FAQ
I see that impala 1.0.1 supports "insert into values" - but its not
recommended for large volumes of data

Q) I am looking for a simple mechanism to append data into a file and have
this data "immediately" available as part of the impala table.

(The data is already structured and doesn't need PIG ETL etc)

I believe if I create a new file inside the tables directory, I will need
to call refresh


can I use a simple piece of java code that simply appends to a sequence
file?

writer = new SequenceFile.Writer(fs, conf, out, Text.class, Text.class);

Q) also do I need to explicitly enable hdfs file append functionality

Search Discussions

  • Gerrard Mcnulty at Jun 6, 2013 at 11:32 am
    So with a columnar format such as parquet, what's the best way to deal with
    streaming data? The data doesn't need to be real time, I can do something
    like load the data every 10 minutes, hour etc.
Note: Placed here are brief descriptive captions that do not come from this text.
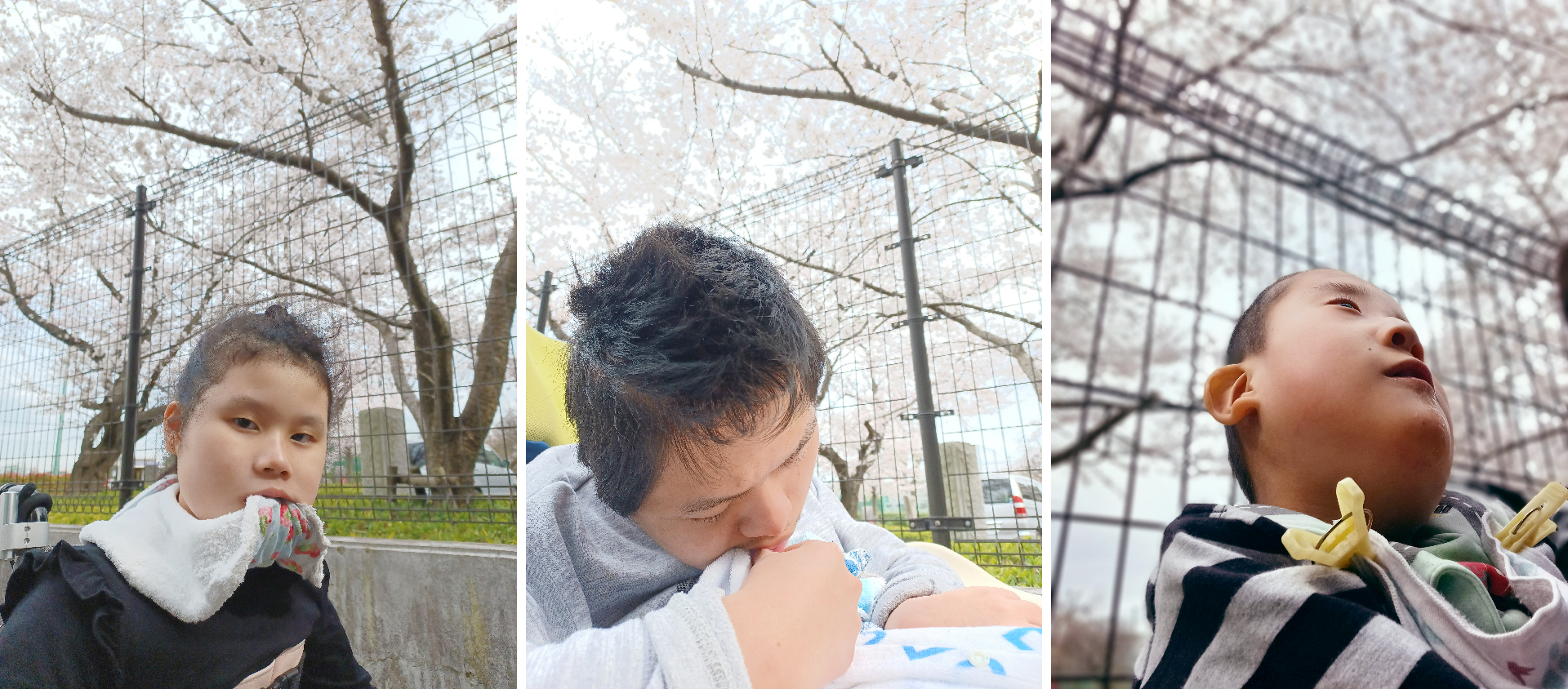 桜を見に行きました♪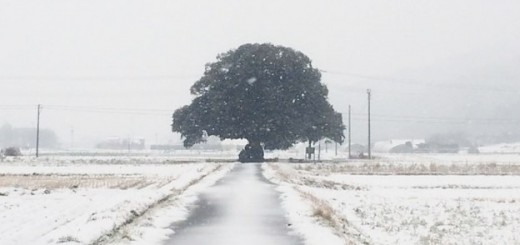 鳥取のおいしい有機野菜TREE&NORF/雪化粧したほ場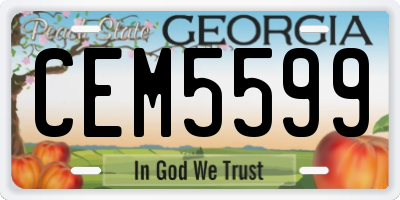 GA license plate CEM5599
    I noticed that each time I call insert...select to parquet file, impala
    creates new files. So when streaming/near streaming, I end up with lots of
    small files. I presume this is bad for compression and performance?
    On Thursday, June 6, 2013 2:06:23 AM UTC+1, Alex Behm wrote:

    Hi Paul,

    you are correct:
    - We don't recommend "insert into values" for large volumes of data
    (either lots of data via a single query, or lots of data via many
    small such queries).
    - After adding a new file to a table directory, you'll need to refresh
    impala

    My understanding is that the main issue will be whether the desired
    file format supports appends.
    SequenceFile, for example, does not support appending to the same file
    (see https://issues.apache.org/jira/browse/HADOOP-7139)

    You'll need to check which file formats support appending to the same
    file, but my guess is that many don't (esp. the columnar formats
    benefit from bulk data loads)

    I believe you don't need to explicitly enable append in HDFS since
    version 0.2.1 (https://issues.apache.org/jira/browse/HDFS-1107).

    Cheers,

    Alex

    On Wed, Jun 5, 2013 at 5:38 PM, Paul Birnie wrote:

    I see that impala 1.0.1 supports "insert into values" - but its not
    recommended for large volumes of data

    Q) I am looking for a simple mechanism to append data into a file and have
    this data "immediately" available as part of the impala table.

    (The data is already structured and doesn't need PIG ETL etc)

    I believe if I create a new file inside the tables directory, I will need to
    call refresh


    can I use a simple piece of java code that simply appends to a sequence
    file?

    writer = new SequenceFile.Writer(fs, conf, out, Text.class, Text.class);

    Q) also do I need to explicitly enable hdfs file append functionality
  • Alex Behm at Jun 6, 2013 at 8:14 pm
    A reasonable approach is to ingest your streaming data into HDFS in
    whatever format is convenient for ingestion. Then you periodically
    convert the data in batch to parquet for faster querying via Impala.
    Obviously, the devil is in the details, but those depend heavily on
    your setup, data, ingestion rate, etc.

    Cheers,

    Alex
    On Thu, Jun 6, 2013 at 4:32 AM, wrote:
    So with a columnar format such as parquet, what's the best way to deal with
    streaming data? The data doesn't need to be real time, I can do something
    like load the data every 10 minutes, hour etc.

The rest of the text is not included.